Conclusion: Where Are We Going and What Should We Do?
The fact that AI chatbots still give wrong answers is a combination of many factors, including the inherent statistical prediction mechanism of large language models, the quality of training data, limited context windows, the challenges of RAG, the complexity of prompt engineering, and biases in the model. These issues indicate that AI technology is still in its nascent stages and far from perfect. The irrelevant production step suggestions I experienced in a manufacturing ERP proved once again how real and tangible these practical problems are.
So, where are we going, and what should we, as developers and users, do? First, we must accept that AI chatbots are not “magic,” but complex engineering products. They are powerful tools, but they have their limitations. Future developments will likely mitigate these problems with larger and higher-quality training data, more advanced model architectures, more sophisticated RAG systems, and more effective alignment techniques. Especially “agent patterns” hold promise for models to perform specific tasks in a more structured way. In my side product, an AI-powered task management application, I have started experimenting with agent patterns to reduce errors.

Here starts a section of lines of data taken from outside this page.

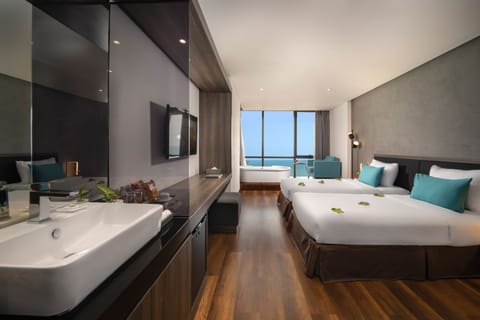 Executive Suite Twin Sea View with Bathtub | Minibar, in-room safe, desk, laptop workspace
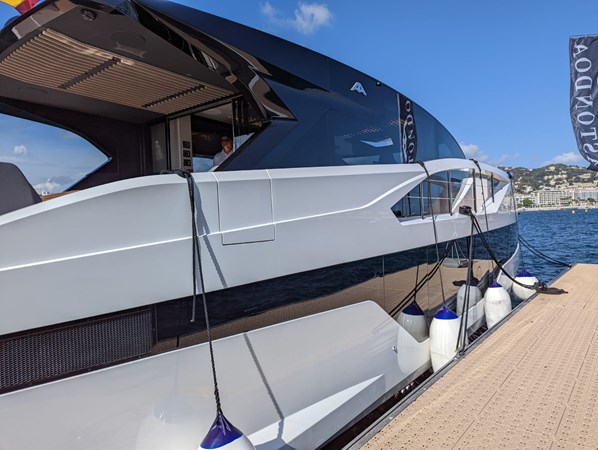 Photo of ASTONDOA - 67'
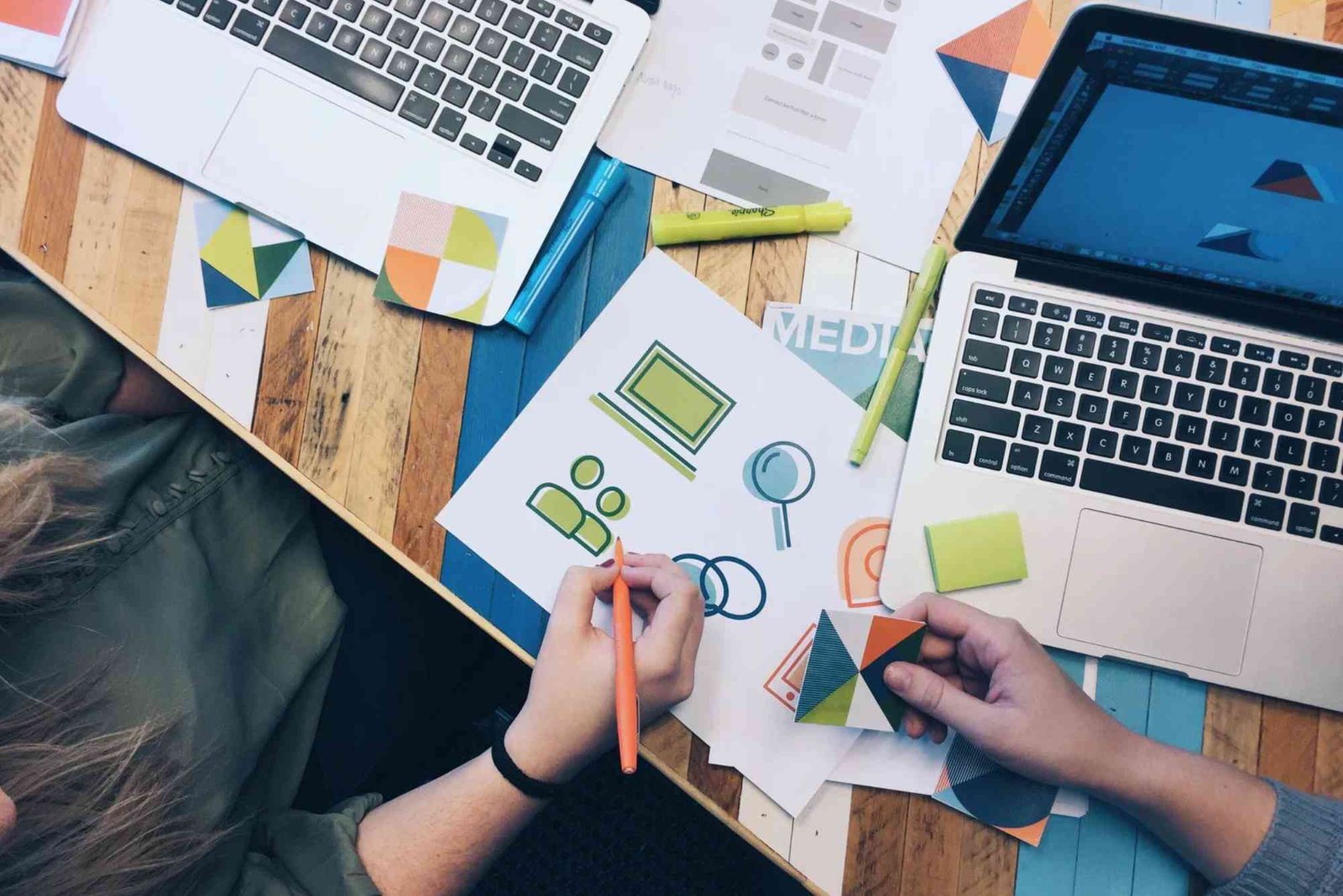 Graphic Design Tips for Creating Effective Marketing Brochures. (1)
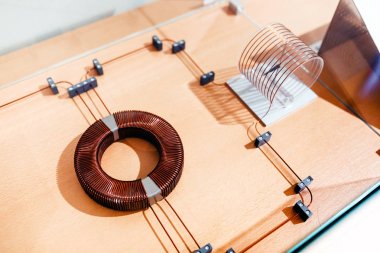 Elektrik ve bobin bobin ile fiziksel bir deneme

As users, we must remember that AI outputs should always be evaluated with a critical eye. Especially when critical decisions are to be made, it is essential to verify information from AI with independent sources. As developers, we must focus on model safety, data quality, effective prompt engineering strategies, and robust feedback loops. Observability tools (metrics, logs, traces) are indispensable for deeply understanding model behavior, and quickly identifying and resolving problems.
In conclusion, AI chatbots are not perfect, but they are constantly evolving. When we use them with the right expectations and the right tools, they can significantly enrich our business processes and daily lives. This is the next step in technology; we will continue to learn and adapt.